Writing Stored Procedures And Functions

Temporal EDA, Variables & Date Manipulation

EDA: Exploratory Data analysis In this section, we will study date manipulation using different Date functions such as datepart, datename and datediff

-- Convert date time to date data type
select TOP(1) PickupDate, convert(Date, pickupDate) as DateOnly from YellowTripData

--here we use datepart to select the busiest hours for Taxi pickups
select top 3 count(Id) as BumverOfRides, Datepart(hour, pickupdate) as hour from ... group by datapart(hour, pickupdate) order by count(id) desc

--find the difference between the pickup date and dropoff date in seconds in sunday
select AVG(Datediff(second, pickupdate, dropoffdate) / 60)
as avgRideLenghtInmin
from ... where datename(weekday, pickupdate) = 'Sunday';

exercise: ransactions per day It's time for you to do some temporal EDA on the BikeShare dataset. Write a query to determine how many transactions exist per day.

SELECT
  -- Select the date portion of StartDate
  convert(date, StartDate) as StartDate,
  -- Measure how many records exist for each StartDate
  count(StartDate) as CountOfRows
FROM CapitalBikeShare
-- Group by the date portion of StartDate
group BY convert(date,  StartDate)
-- Sort the results by the date portion of StartDate
order BY convert(date, StartDate);

second exercise: seconds or no seconds? is the second datapart on startDate is equal to zero or not

SELECT
 -- Count the number of IDs
 COUNT(ID) AS Count,
    -- Use DATEPART() to evaluate the SECOND part of StartDate
    "StartDate" = CASE WHEN datepart(second, StartDate) = 0 THEN 'SECONDS = 0'
        WHEN datepart(second, StartDate) > 0 THEN 'SECONDS > 0' END
FROM CapitalBikeShare
GROUP BY
    -- Use DATEPART() to Group By the CASE statement
 CASE WHEN datepart(second, StartDate) = 0 THEN 'SECONDS = 0'
   WHEN datepart(second, StartDate) > 0 THEN 'SECONDS > 0' END

third exercies: Which day of week is busiest?

SELECT
    -- Select the day of week value for StartDate
 datename(weekday, StartDate) as DayOfWeek,
    -- Calculate TotalTripHours
 sum(datediff(second, StartDate, EndDate))/ 3600 as TotalTripHours
FROM CapitalBikeShare
-- Group by the day of week
GROUP BY datename(weekday, StartDate)
-- Order TotalTripHours in descending order
ORDER BY TotalTripHours DESC

fourth exercise: find the outliers what is outlier?

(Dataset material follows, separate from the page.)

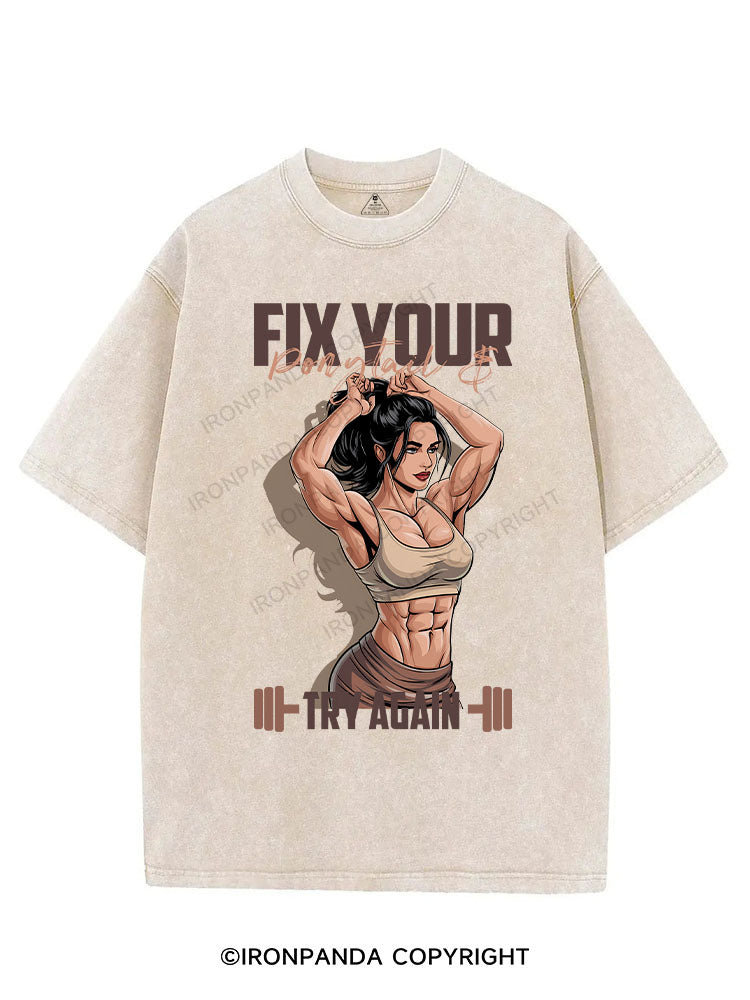 FIX YOUR PONYTAIL & TRY AGAIN VINTAGE GYM SHIRT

In statistics, an outlier is a data point that differs significantly from other observations. An outlier may be due to variability in the measurement or it may indicate experimental error; the latter are sometimes excluded from the data set. An outlier can cause serious problems in statistical analyses. in the previous exercise 'Satureday' was the busiest day of the week, Do you wonder if there were any individual Saturday outliers that contributed to this

SELECT
 -- Calculate TotalRideHours using SUM() and DATEDIFF()
   sum(datediff(second, StartDate, EndDate))/ 3600 AS TotalRideHours,
    -- Select the DATE portion of StartDate
   convert(date, StartDate) AS DateOnly,
    -- Select the WEEKDAY
   datename(weekday, convert(date, StartDate)) AS DayOfWeek
FROM CapitalBikeShare
-- Only include Saturday
WHERE datename(WEEKDAY, StartDate) = 'Saturday'
GROUP BY CONVERT(DATE, StartDate);

Variable for datetime data

User-defined Functions

Stored Procedures

NYC Taxi Ride Case Study

Variables for datetime date: we can create single value variable or table variable

DECLARE @TaxiRideDate TABLE(StartDate date, EndDate datetime)
DECLARE @StartTime as time = '08:00 AM' --intial value
DECLARE @StartTime As time
SET @StartDate = '08:00 AM'

--declare and then set value depending on the result of select statement
DECLARE @BeginDate as date
SET
@BeginDate = (
  SELECT TOP 1 PickupDate
  FROM YellowTripDate
  Order by PickupDate Asc
)

CASTing: sql server use default rules when exeuting CAST() statements so you can cast a time to datetime, even whn there's no datetime present

declare @StartDateTime as datetime
set @StartDateTime = CAST(@BeginDate as datetime) + CAST(@StartTime as datetime)

Table Variables

Declare @TaxiRideDates Table(
  StartDate date,
  EndDate date
)
-- INSERT static values into table variable
insert into @TaxiRideDates (StartDate, EndDate)
SELECT '3/1/2018', '3/2/2018'

--insert a query result
insert into @TaxiRideDates(StartDate, EndDate)
Select Distinct CAST(pickupdate as date), CAST(DropOffDate as date)
FROM YellowTripDate

table variables are not recommended to store more than one hundered recored beuase of potential performance

-- Create @ShiftStartTime
declare @ShiftStartTime AS time = '08:00 AM'

-- Create @StartDate
declare @StartDate AS date

-- Set StartDate to the first StartDate from CapitalBikeShare
set
@StartDate = (
SELECT TOP 1 StartDate
FROM CapitalBikeShare
ORDER BY StartDate ASC
)

-- Create ShiftStartDateTime
declare @ShiftStartDateTime AS datetime

-- Cast StartDate and ShiftStartTime to datetime data types
SET @ShiftStartDateTime = CAST(@StartDate AS datetime) + CAST(@ShiftStartTime AS datetime)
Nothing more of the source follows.